Après cela on devrait ouvrir une discussion, la plus large et la plus ouverte possible, car messieurs les chefs, même aussi infaillibles que Heinz Neumann et Remmele, doivent écouter attentivement, à tous les tournants, la voix des masses. Il faut écouter non seulement les paroles officielles que dit parfois le communiste, mais encore les pensées beaucoup plus profondes qui se cachent derrière ces paroles. Il faut non pas commander les ouvriers, mais savoir s’instruire auprès d’eux.

 Si on avait ouvert la discussion, l’un des participants aurait tenu à peu près ce langage : Thälmann a raison quand il démontre que malgré les changements incontestables de la situation, nous ne devons pas, étant donné le rapport des forces, essayer de forcer le dénouement révolutionnaire. Mais c’est précisément pour cela que nos ennemis extrêmes les plus décides poussent, comme on le voit, vers le dénouement révolutionnaire. Pourrons-nous dans ce cas gagner le temps nécessaire pour réaliser un changement préalable dans le rapport des forces, c’est-à-dire arracher le gros de la masse prolétarienne à l’influence de la social-démocratie et obliger ainsi les masses de la petite bourgeoisie à tourner la face vers le prolétariat et le dos au fascisme ?

C’est bien, si cela réussit. Mais, que se passera-t-il si les fascistes aboutissent quand même, contre notre volonté, au dénouement brève échéance ?  

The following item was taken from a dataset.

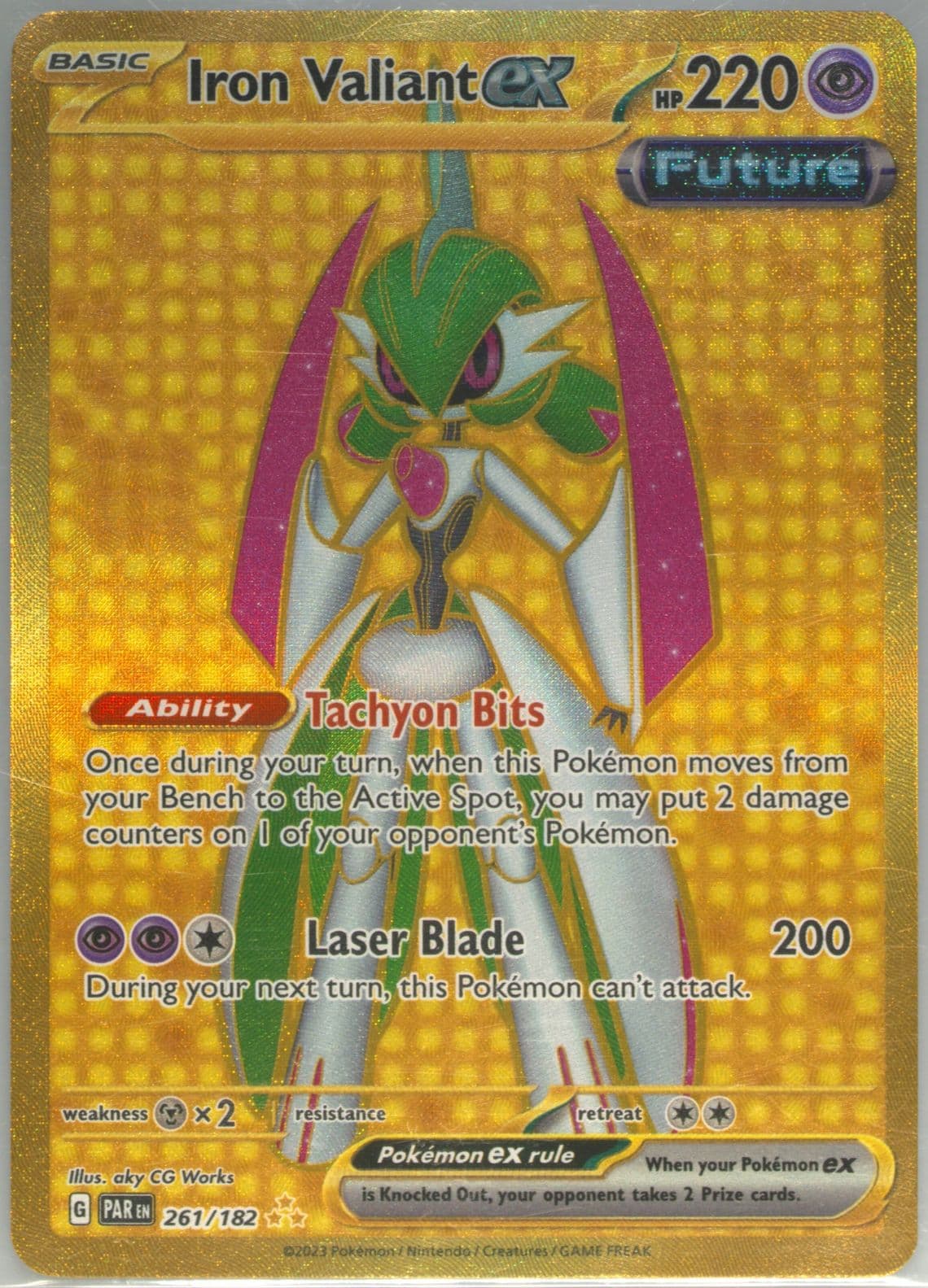 Iron Valiant EX Hyper Rare (261) 2023 Pokemon Par EN-Paradox Rift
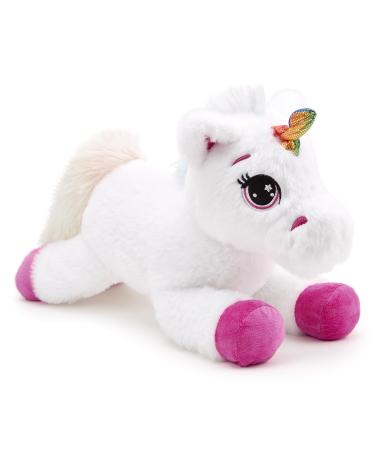 Zappi Co Ultra Soft Pink White Unicorn Plush Toy (36cm Length) - 100% Recycled Eco-Friendly Newborn Gift Realistic Lifelike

Alors la révolution prolétarienne subira-t-elle de à nouveau une lourde défaite ?

À cela, Thälmann, s’il était marxiste, répondrait à peu près comme suit: Il est évident que le choix du moment pour la lutte décisive dépend non seulement de nous, mais aussi de nos ennemis. Nous sommes tous d’accord que la tâche de notre stratégie actuellement doit consister à compliquer et non pas à faciliter à nos ennemis le dénouement. Si nos ennemis nous imposent la lutte quand même, nous l’accepterons, bien entendu, car il n’y a pas et il ne peut y avoir de défaite plus lourde, plus funeste, plus humiliante et plus démoralisante, que l’abandon sans combat de grandes positions historiques. Si ce sont les fascistes qui prennent l’initiative du dénouement – et cela au vu des masses populaires – ils pousseront, dans les conditions actuelles, de larges couches de travailleurs vers nous.

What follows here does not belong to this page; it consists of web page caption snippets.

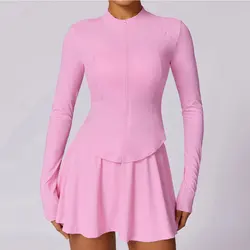 Conjunto de Yoga de 2 piezas para mujer, ropa de gimnasio Sexy con cremallera, manga larga, Falda corta deportiva, ropa de entrenamiento para correr, traje deportivo Atlético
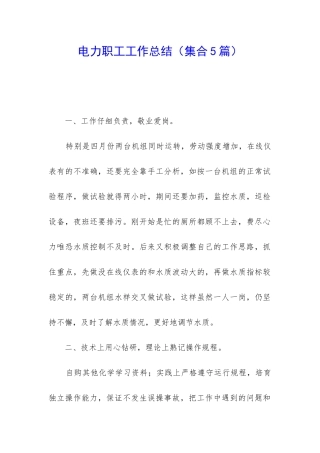 电力职工工作总结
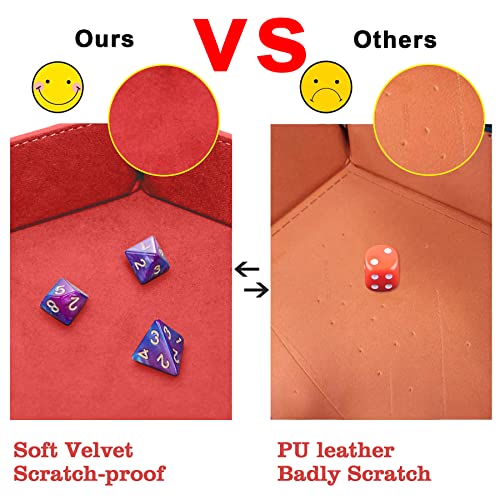 SIQUK 4 Pieces Dice Tray Set Foldable Dice Trays Hexagon Dice Rolling Tray PU Leather Dice Holder for Dice Games like RPG, DND and Other Table Games(Orange, Yellow, Cyan, Violet) - color: Orange, Yellow, Cyan and Violet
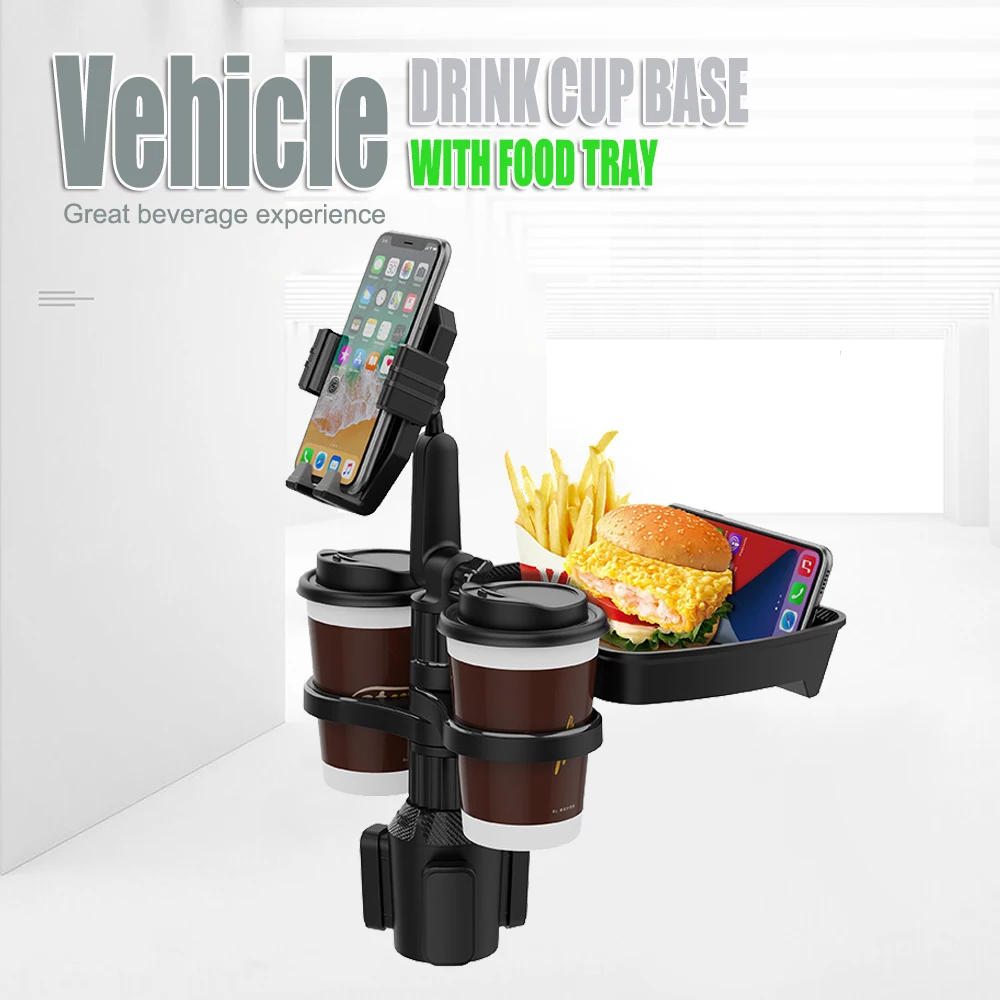 Car Cup Holder Tray 4 in 1 Multifunctional Cellphone Stand 360° Swivel Adjustable Car Food Eating Tray Table Cup Holder Expande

 Nous aurons dans ce cas, d’autant plus de chances de remporter la victoire que nous démontrerons aujourd’hui clairement aux milliers d’ouvriers que nous ne voulons nullement renverser le régime sans eux et contre eux. C’est pourquoi, nous devons dire ouvertement aux ouvriers sociaux-démocrates, chrétiens et sans-parti : les fascistes qui sont une petite minorité veulent renverser le gouvernement actuel pour s’emparer du pouvoir ; nous communistes, nous considérons le gouvernement actuel comme un ennemi du prolétariat ; mais ce gouvernement s’appuie sur votre confiance et sur vos voix ; nous voulons renverser ce gouvernement par une alliance avec vous et non par une alliance avec les fascistes contre vous. Si les fascistes essaient de fomenter une insurrection, nous, communistes, allons lutter contre eux, jusqu’à la dernière goutte de sang – non pas pour défendre le gouvernement Braun-Brüning, mais pour préserver de l’étranglement et de la destruction l’élite du prolétariat, les organisations ouvrières, la presse ouvrière, non seulement les nôtres, les organisations communistes, mais aussi les vôtres, sociaux-démocrates. Nous sommes prêts à défendre avec vous n’importe quelle maison ouvrière, n’importe quelle imprimerie d’un journal ouvrier, contre les attaques des fascistes. Et nous vous demandons de vous engager à nous venir en aide au cas où nos organisations seraient menacées. Nous vous proposons le front unique de la classe ouvrière contre les fascistes. Plus résolument et plus fermement nous appliquerons cette politique dans toutes les questions, et plus il sera difficile aux fascistes de nous prendre au dépourvu, et moins ils auront de chances de nous écraser dans une lutte ouverte.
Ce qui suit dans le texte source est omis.